1903 : naissance de Maryse Choisy

UNE NAISSANCE MYSTÉRIEUSE

C’est le 1er février 1903 (ou 1901) que Maryse Choisy serait née, à Saint-Jean-de-Luz.
Elle n’a pas connu ses parents.

« Je n’ai jamais connu ni mon père ni ma mère. « Ils sont morts  », disait vaguement tante Anna. « Comment étaient-ils ?  » semblait une question aussi tabou que : « D’où viennent les bébés ?  » ou « Qu’est-ce que la guerre ?  » […] Peut-être mon père et ma mère n’étaient-ils pas morts, après tout ?
Peut-être une méchante sorcière nous avait-elle seulement séparés ?
Peut-être me cherchaient-ils comme je les cherchais ? »[1]

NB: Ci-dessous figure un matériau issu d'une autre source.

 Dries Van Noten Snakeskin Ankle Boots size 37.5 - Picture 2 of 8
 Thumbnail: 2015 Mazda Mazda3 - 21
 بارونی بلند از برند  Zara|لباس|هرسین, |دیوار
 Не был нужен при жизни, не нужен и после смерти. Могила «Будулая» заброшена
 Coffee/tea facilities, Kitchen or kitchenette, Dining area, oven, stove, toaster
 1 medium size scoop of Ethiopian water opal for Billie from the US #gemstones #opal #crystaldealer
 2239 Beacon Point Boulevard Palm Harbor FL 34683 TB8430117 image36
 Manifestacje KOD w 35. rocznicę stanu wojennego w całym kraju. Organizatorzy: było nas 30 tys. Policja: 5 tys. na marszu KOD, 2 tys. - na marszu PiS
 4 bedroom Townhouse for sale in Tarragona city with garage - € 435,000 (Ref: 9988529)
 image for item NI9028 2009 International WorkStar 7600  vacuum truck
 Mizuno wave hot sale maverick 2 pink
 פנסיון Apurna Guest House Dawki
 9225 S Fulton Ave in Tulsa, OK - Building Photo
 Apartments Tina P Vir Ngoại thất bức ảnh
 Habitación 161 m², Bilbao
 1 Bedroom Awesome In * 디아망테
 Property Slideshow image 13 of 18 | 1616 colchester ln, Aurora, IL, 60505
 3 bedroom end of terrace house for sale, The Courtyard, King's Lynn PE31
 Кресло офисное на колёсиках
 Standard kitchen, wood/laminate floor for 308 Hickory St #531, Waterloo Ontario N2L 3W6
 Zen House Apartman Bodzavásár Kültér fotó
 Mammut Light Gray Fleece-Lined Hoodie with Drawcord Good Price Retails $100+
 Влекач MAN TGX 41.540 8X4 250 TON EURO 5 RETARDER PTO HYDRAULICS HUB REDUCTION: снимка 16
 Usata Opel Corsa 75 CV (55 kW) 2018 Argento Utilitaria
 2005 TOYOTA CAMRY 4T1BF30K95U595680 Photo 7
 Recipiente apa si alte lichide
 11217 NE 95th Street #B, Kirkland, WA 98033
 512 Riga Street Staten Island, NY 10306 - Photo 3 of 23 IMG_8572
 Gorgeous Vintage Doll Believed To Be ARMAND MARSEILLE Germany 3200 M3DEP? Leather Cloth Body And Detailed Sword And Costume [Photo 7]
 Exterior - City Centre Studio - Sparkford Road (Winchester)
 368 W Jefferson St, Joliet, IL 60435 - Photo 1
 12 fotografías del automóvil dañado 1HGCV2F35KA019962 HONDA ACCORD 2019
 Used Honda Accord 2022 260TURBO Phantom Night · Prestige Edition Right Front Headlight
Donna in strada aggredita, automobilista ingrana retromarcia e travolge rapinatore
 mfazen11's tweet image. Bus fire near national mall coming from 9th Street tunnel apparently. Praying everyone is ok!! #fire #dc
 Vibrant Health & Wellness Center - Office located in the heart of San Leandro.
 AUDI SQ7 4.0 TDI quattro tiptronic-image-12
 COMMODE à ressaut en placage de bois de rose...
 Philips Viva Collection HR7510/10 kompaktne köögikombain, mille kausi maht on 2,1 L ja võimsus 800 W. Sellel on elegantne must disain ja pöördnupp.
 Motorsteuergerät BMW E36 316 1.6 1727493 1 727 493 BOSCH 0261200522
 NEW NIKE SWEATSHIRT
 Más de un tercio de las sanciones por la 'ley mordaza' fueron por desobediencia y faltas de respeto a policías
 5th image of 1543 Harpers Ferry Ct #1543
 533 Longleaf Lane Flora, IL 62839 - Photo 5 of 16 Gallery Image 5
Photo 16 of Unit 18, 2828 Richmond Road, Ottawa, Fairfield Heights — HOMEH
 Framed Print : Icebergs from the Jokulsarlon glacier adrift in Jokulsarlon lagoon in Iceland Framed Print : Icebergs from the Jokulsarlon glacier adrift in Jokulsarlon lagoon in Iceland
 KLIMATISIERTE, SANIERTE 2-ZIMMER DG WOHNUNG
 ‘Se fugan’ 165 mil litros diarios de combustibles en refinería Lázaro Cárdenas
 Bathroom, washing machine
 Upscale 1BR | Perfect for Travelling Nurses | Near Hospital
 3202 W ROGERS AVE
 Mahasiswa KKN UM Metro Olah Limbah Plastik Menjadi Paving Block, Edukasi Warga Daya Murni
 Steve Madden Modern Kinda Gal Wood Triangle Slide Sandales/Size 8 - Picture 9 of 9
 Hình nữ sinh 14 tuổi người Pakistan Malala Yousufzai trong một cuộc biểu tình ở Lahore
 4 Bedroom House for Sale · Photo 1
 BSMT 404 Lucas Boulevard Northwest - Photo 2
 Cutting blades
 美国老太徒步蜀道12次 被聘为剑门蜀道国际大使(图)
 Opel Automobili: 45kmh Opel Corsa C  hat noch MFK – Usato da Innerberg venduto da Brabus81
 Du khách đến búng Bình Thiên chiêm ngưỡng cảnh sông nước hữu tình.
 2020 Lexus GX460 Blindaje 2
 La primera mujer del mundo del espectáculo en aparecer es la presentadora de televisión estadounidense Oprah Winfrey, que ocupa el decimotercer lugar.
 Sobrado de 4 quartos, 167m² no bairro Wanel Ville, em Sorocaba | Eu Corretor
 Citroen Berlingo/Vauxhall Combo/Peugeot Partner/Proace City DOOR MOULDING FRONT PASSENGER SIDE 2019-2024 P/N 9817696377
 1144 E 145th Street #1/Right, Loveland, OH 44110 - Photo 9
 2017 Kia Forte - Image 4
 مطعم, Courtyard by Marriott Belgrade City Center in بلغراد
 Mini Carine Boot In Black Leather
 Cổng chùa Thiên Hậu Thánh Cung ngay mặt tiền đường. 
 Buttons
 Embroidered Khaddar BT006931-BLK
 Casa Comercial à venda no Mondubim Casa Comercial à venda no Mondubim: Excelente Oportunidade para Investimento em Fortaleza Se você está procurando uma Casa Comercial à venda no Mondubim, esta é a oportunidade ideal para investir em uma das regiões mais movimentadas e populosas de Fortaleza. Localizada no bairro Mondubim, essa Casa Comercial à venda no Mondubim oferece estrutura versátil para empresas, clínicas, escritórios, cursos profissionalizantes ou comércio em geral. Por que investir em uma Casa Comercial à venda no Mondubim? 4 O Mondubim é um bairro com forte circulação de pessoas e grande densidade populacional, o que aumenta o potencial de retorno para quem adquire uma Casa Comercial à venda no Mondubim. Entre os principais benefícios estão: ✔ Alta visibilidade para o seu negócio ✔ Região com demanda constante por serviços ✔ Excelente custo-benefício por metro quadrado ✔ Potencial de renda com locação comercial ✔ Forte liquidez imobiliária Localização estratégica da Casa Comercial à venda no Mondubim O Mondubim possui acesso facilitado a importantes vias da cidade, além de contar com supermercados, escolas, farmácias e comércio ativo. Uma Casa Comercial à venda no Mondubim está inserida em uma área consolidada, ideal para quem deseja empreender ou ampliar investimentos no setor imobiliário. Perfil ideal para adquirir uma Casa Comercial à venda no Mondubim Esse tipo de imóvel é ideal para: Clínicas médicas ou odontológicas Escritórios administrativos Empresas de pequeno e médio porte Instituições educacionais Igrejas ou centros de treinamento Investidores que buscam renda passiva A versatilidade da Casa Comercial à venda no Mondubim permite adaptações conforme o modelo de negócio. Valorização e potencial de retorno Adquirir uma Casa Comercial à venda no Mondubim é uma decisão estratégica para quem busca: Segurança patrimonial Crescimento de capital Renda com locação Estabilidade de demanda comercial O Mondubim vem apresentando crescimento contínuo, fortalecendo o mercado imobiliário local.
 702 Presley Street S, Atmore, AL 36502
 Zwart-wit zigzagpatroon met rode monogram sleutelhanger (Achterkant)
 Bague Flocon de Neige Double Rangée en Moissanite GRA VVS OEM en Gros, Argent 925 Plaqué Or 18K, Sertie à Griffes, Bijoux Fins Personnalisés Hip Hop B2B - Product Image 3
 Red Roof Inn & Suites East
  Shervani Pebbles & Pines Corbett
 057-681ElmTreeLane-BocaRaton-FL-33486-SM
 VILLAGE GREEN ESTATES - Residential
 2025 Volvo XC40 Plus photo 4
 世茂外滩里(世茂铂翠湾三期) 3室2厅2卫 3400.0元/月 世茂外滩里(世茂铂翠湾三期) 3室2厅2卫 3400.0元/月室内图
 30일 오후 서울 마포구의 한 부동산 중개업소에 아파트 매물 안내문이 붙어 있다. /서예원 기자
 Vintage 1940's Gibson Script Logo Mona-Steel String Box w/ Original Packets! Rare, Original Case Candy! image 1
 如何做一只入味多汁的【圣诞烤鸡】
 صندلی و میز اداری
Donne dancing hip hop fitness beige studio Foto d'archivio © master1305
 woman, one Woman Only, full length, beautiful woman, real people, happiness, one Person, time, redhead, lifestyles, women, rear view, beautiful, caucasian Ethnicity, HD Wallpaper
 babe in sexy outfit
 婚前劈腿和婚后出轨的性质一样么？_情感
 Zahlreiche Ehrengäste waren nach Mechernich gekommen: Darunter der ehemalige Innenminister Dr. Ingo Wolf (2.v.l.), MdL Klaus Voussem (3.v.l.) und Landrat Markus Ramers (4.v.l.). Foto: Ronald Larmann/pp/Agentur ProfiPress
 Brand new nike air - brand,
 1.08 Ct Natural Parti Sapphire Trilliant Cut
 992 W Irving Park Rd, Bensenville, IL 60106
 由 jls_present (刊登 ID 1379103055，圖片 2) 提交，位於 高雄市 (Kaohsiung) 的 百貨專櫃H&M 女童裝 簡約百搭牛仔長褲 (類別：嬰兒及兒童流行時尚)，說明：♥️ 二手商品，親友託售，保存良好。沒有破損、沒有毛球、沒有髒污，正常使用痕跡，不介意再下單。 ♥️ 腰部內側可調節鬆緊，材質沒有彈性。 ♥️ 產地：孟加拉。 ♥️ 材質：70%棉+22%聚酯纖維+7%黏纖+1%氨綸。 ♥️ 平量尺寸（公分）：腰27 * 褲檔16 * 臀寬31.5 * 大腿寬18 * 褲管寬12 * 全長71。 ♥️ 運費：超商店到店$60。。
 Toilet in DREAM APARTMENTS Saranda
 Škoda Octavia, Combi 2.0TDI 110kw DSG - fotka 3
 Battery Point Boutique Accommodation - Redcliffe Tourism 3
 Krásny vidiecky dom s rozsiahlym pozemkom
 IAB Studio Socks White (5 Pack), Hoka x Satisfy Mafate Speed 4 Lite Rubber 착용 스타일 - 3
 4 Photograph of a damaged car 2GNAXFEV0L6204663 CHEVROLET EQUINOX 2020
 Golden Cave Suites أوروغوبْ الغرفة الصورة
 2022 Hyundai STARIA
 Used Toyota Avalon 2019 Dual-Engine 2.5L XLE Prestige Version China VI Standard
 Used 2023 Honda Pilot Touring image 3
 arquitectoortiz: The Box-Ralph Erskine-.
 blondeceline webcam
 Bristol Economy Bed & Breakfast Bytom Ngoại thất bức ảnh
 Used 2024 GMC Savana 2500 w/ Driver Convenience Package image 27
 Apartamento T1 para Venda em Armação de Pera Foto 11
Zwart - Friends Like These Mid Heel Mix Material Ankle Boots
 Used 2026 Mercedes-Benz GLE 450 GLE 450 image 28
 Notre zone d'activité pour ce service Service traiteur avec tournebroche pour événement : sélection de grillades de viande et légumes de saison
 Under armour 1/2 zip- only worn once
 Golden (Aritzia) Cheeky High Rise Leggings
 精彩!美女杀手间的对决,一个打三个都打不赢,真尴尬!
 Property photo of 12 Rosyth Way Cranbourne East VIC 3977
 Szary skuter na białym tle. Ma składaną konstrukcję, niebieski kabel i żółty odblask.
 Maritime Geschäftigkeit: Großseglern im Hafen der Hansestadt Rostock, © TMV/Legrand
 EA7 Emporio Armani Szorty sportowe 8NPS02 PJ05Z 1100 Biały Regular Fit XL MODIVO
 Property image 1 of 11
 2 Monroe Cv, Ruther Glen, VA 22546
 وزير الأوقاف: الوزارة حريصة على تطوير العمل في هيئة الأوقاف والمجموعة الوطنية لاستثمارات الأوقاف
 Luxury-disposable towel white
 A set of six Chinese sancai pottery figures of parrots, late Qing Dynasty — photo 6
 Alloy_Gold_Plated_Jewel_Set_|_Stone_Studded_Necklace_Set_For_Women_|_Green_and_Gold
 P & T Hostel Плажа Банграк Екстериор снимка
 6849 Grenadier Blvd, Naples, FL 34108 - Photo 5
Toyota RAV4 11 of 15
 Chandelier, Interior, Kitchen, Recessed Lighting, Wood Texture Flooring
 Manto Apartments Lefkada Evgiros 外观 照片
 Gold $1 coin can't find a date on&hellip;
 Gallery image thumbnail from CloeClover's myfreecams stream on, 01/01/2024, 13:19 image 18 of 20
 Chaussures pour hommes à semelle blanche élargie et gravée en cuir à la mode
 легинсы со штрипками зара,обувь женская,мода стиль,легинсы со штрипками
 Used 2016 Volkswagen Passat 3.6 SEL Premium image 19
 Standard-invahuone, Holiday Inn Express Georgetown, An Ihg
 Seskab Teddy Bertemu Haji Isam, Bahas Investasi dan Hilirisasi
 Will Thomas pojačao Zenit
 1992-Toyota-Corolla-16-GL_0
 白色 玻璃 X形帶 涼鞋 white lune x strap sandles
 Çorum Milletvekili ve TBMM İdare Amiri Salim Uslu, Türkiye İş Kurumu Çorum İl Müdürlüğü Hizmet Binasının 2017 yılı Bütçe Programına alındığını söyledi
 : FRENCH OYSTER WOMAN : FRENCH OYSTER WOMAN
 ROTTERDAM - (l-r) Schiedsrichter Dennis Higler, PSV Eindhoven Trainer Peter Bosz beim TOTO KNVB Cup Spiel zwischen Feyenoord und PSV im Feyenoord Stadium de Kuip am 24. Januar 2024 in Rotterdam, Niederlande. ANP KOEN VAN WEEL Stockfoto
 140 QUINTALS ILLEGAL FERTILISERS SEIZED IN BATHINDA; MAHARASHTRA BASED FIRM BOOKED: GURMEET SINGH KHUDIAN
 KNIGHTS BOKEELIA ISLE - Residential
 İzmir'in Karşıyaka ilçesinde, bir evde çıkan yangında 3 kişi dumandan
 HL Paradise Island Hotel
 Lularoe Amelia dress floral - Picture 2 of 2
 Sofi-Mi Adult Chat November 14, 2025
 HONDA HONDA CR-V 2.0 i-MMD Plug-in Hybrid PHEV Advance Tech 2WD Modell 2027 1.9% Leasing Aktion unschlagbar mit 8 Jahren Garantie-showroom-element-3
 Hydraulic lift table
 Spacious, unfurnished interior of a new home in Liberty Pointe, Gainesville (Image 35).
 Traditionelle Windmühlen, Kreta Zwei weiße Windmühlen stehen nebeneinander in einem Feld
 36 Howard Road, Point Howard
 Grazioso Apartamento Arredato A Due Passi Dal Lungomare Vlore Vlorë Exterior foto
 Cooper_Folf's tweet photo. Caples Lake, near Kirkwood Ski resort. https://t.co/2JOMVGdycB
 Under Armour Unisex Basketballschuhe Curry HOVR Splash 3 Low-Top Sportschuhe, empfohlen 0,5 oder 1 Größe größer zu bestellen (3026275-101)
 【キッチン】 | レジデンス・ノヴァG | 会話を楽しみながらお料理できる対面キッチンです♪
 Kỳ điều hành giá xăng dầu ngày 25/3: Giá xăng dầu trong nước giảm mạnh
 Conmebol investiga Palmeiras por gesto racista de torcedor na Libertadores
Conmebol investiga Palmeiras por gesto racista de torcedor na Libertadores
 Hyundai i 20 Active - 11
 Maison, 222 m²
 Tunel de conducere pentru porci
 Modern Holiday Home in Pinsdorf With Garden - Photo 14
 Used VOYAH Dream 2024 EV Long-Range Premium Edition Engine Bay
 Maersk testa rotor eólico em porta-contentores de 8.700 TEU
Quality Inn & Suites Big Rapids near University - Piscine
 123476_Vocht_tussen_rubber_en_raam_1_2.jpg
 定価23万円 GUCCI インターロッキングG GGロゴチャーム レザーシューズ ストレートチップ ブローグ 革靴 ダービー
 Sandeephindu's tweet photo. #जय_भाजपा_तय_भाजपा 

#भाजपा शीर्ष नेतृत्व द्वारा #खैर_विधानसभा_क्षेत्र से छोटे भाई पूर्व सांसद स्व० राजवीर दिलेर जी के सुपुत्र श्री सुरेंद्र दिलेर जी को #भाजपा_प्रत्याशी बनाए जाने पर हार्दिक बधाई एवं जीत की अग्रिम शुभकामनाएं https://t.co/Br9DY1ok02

Cette douloureuse absence lui fit aussi écrire : « J’ai mal à ma mère.  » [2].
Quelques-uns ont pu supposer que la tante Anna de Brémont était sa véritable mère. Maryse Choisy elle-même, dans ses mémoires, a pu le suggérer, par le non-dit, quand elle relate ce que Freud lui apprit : «  Ça s’est passé quand vous étiez au berceau. Votre mère a fui pour cacher son pedigree et sa honte. Vous êtes une enfant illégitime. », « Demandez à votre tante ». Celle-ci, mourante, se contenta de lui répondre : « Eh oui, Freud a raison. Tu es un peu enfant naturelle… » et « Ce qui importe, ce n’est pas la naissance, c’est la mort. Le cercueil fait le berceau. » [3]
Il semble qu’à la naissance de Maryse Choisy et jusqu’en 1951 aucun acte n’ait été dressé. C’est seulement en 1950, pour l’inscription de Maryse Choisy sur les listes électorales, qu’une enquête à ce sujet est lancée. Son acte de mariage en 1939 paraît aux enquêteurs être alors la seule pièce officielle mentionnant sa date et son lieu de naissance : le 1er février 1903 à St Jean de Luz. La justice se demande alors comment elle a pu jusque-là suppléer à ce défaut, non seulement pour son  mariage et sa carte d’électrice, mais aussi pour ses cartes d’identité, d’alimentation et pour ses dossiers universitaires… : « A-t-elle fait, à un moment quelconque, établir un acte de notoriété ? Où et quand ? A-t-elle des frères et sœurs ? Quels sont leurs nom et adresse ? Les père et mère vivent-ils encore ? Où ? Connaît-elle les nom et adresse de témoins susceptibles de nous fournir tous renseignements utiles sur sa naissance et sa filiation ? »
On apprend alors que si elle a pu se marier en l’absence d’acte de naissance, c’est grâce à une lettre d’une dame Marion veuve Dubois, dans laquelle celle-ci avait reconnu sa maternité, non avouée jusque-là pour des « raisons de famille »… Malheureusement, Julia Dubois, née en 1870, est décédée depuis 1949.
Maryse Choisy, de son côté, déclare ignorer ses dates et lieu de naissance ainsi que l’identité de ses parents…
Finalement, le Tribunal de Bayonne, décide que, puisqu’il « importe que toute personne ait un état civil et que l’ordre public y est intéressé », il faut établir que Maryse Choisy est née le 1er février 1903 à St Jean de Luz. [4]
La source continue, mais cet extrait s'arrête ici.